Ironicamente, perturbadoras e repugnantes são como passamos a entender as ações contra ela ao longo da história. Lelio nos mantém ao lado de Marina, mas nunca de maneira a adentrarmos totalmente em seus pensamentos, o que gera um efeito interessante no exercício de empatia que ele propõe. Assim, as instituições e a aparentemente família “decente” de Orlando se mostram com uma faceta feia.

Longe de trabalhar o tema apenas na perspectiva de mocinhos e vilões, o roteiro de Lelio e Gonzalo Maza dá conta de abarcar também a solidão de Marina. Isso se dá quando mesmo personagens mais “imperfeitos” e próximos a ela, como sua irmã e cunhado, não conseguem compreender de todo como ela é e porque age como age.


TENSÃO, CONTENÇÃO

A direção de Lelio, assim, consegue equilibrar tensão e contenção de uma maneira muito própria às vivências das mulheres, sempre tão reguladas socialmente. A escolha é sensível, pois dialoga de forma especial com as vivências específicas de mulheres trans que, junto às lésbicas, denunciaram mais casos de agressão motivada por gênero que gays no Chile em 2016, por exemplo. Buscar informações como essa só reforça o quanto a estratégia de Marina de tentar não revidar as agressões sofridas, por mais injustas que sejam, é questão de sobrevivência, e não de orgulho. Infelizmente.

Só de retratar um pouco da perspectiva desse tipo de personagem, “Uma mulher fantástica” já valeria a conferida. Ainda que em alguns momentos a passividade da protagonista incomode o espectador, dá-se a entender que questiona-la é uma das intenções da direção de Lelio. Isso é reforçado ainda pela opção de não nutrir tons sombrios na fotografia: a cidade é sempre cheia de luz, e mesmo o luto contido de Marina não abre espaço para tons mais fechados de cor ou sombras mais demarcadas na iluminação. Há momentos de leveza quase cômica também, como quando ela se imagina em meio a um número musical numa boate.

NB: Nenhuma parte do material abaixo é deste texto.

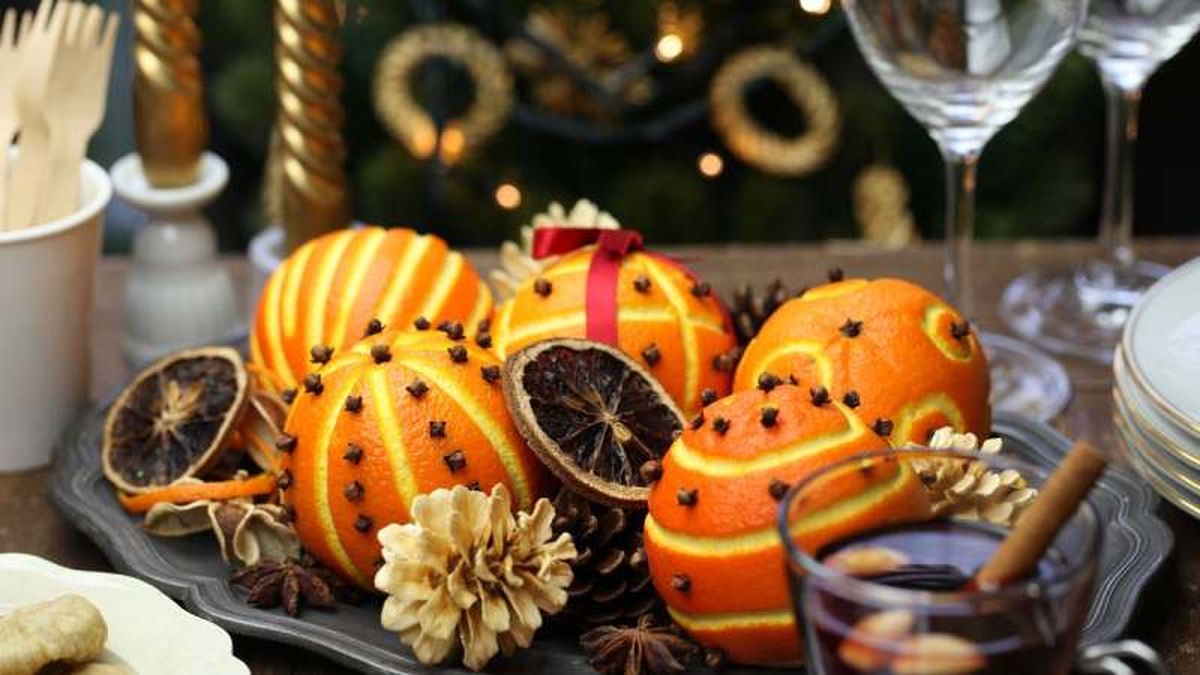 Naranjas con clavo de olor y canela, un ambientador típico de Navidad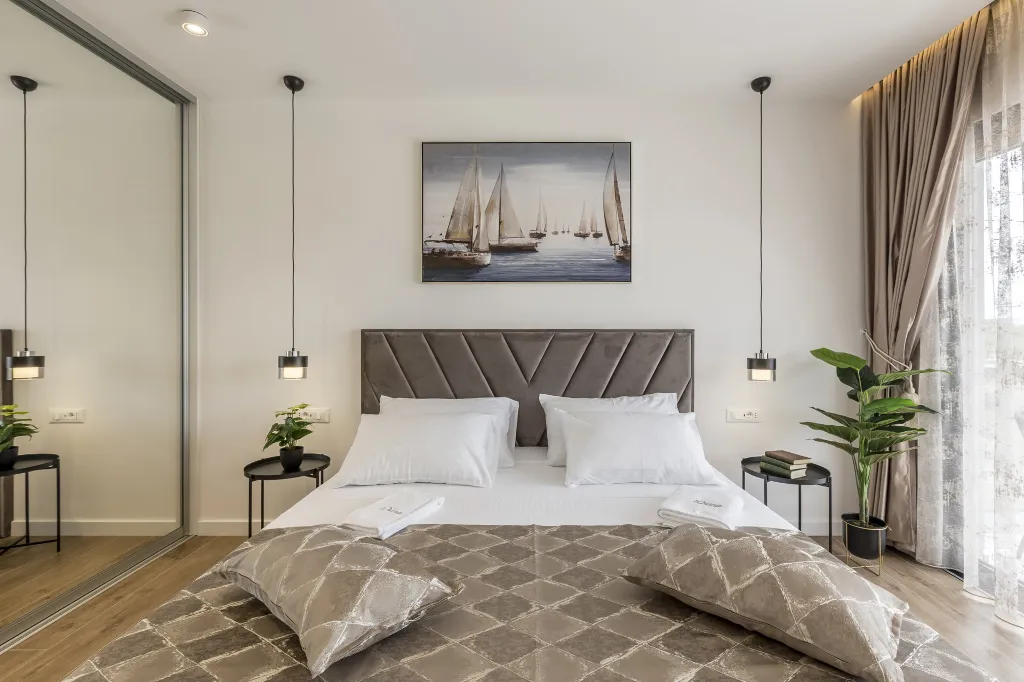 Modern Family Villa with Pool in Marina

Todas as boas intenções de Lelio e a sensibilidade com que tenta abordar os temas de “Uma mulher fantástica” não disfarçam, ainda assim, as falhas de roteiro. Há o mcguffin da chave que Orlando deixa para trás numa sauna, a qual não consegue criar curiosidade o suficiente no espectador, além de um conflito não resolvido com o filho de Orlando e a insistência da policial em acreditar que Marina cometeu um crime em legítima defesa, os quais necessitam de um fechamento mais redondo que o que vemos no longa, dentre outros detalhes menores de narrativa. Não chegam a prejudicar o filme de todo, mas impedem que o longa vá além do bom, sendo a conferida de “Uma mulher fantástica” a desculpa perfeita para navegar com mais atenção na filmografia de Lelio.